3.  Limited Huawei Export Licenses May Be Ending

According to Bloomberg News, the Biden administration has recently refused to renew licenses to export, reexport, or transfer items to Huawei. While the Biden administration has not issued a formal policy or guidance, multiple sources within the administration have confirmed the change in policy. BIS originally added Huawei to the Entity List in 2019, which required companies to obtain a license prior to exporting, reexporting, or completing an in-country transfer to Huawei of any items subject to the Export Administration Regulations. With the change in policy, U.S. suppliers can expect that BIS will deny most, if not all, license applications for goods to Huawei.

4.  New Zealand, UK Qualify for CFIUS Exceptions

On February 10, the Department of the Treasury announced that both New Zealand and the United Kingdom have met the excepted foreign states determination requirements under the Committee on Foreign Investment in the United States (CFIUS) regulations. This will ensure both countries’ continued status as excepted foreign states. The exceptions are for certain nonpassive minority investments, real estate transactions, and mandatory CFIUS filings; the countries are still subject to CFIUS jurisdiction for investments that would result in foreign control of a U.S. business.

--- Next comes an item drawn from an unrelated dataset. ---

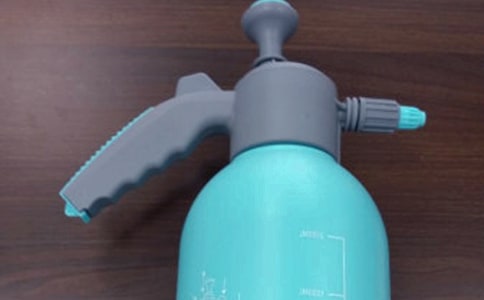 自制小喷壶大班教案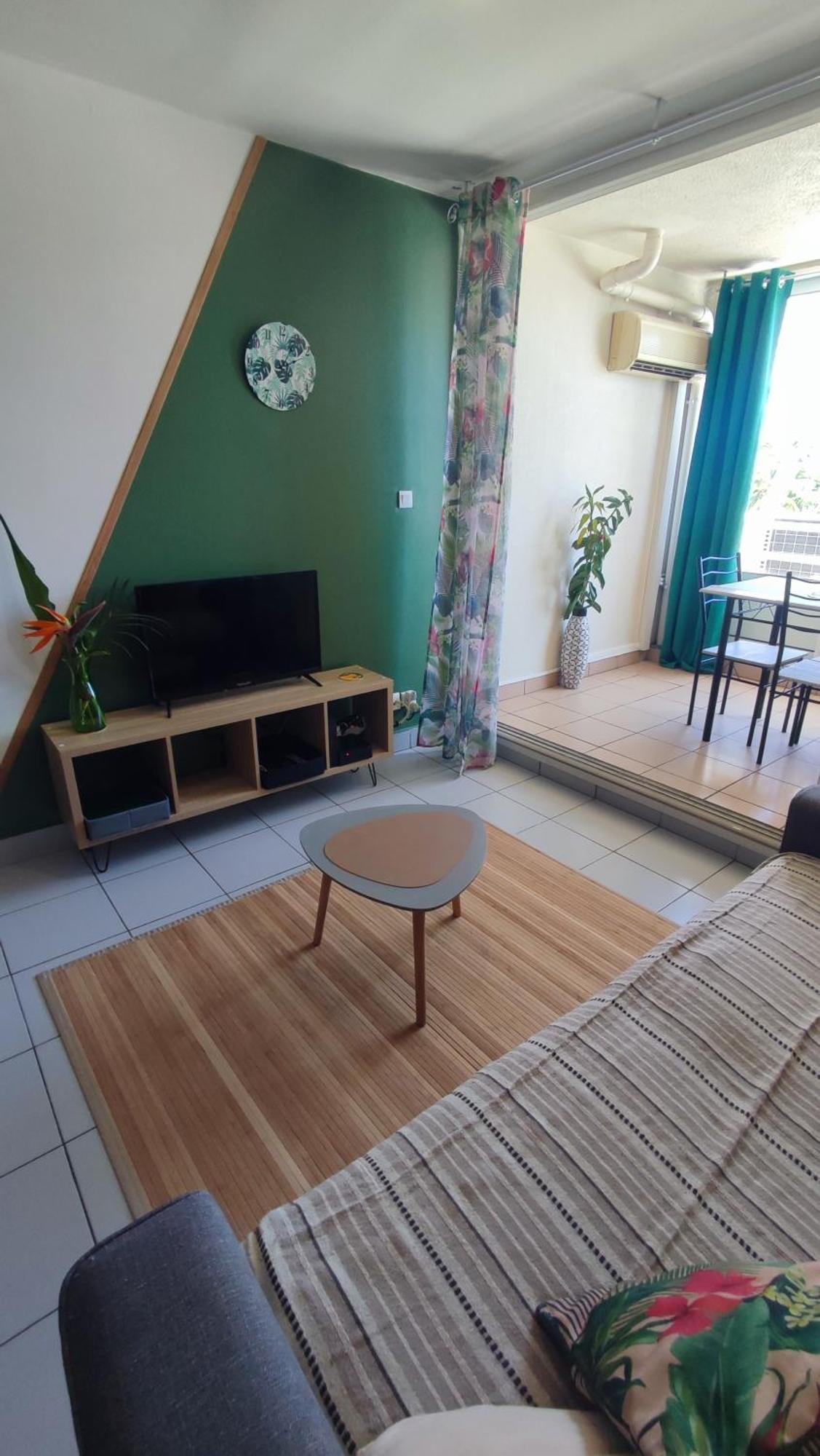 Ferienwohnung Les Franciseas Saint-Gilles-les-Bains Exterior foto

5.  US Customs Releases Guidance on Best Practices for UFLPA Applicability Reviews

On February 23, Customs and Border Protection (CBP) released additional guidance for importers regarding best practices related to detention of merchandise at the border pursuant to the Uyghur Forced Labor Prevention Act (UFLPA). CBP concurrently released updated FAQs and directions about how to prepare an applicability review submission and get a detained shipment released. The new guidance sets out the requirements for importers to demonstrate that their merchandise is not subject to the UFLPA because it was not produced in whole or in part in the Xinjiang Uyghur Autonomous Region of China or by an entity on the UFLPA Entity List; it outlines best practices for importers to trace and document their supply chains, as well as instructions on how to navigate the review process once a CBP detention notice is received. As CBP ramps up UFLPA enforcement, importers must assess forced labor risk and implement supply chain tracing procedures for their high-risk supply chains to ensure they are able to put together a successful applicability review submission in the event of a UFLPA detention.

TRADE TIP OF THE MONTH: Why Digital Asset Companies Need Effective Compliance Programs

In the past few years, U.S. enforcement authorities have increasingly been targeting the digital asset market to prevent criminals and other malicious cyber actors from laundering and accessing funds. To mitigate the risk of facilitating transactions to sanctioned parties and money-laundering violations, virtual asset service providers need to ensure they have a robust compliance program that not only screens customers and blocks users in sanctioned locations, but also takes into consideration the counterparties receiving the funds. To avoid facilitating prohibited transactions, companies must collect information about not only their own customers but also the counterparty in the transaction. This is a common blind spot in virtual asset service providers’ compliance procedures, which leaves them open to potential enforcement action.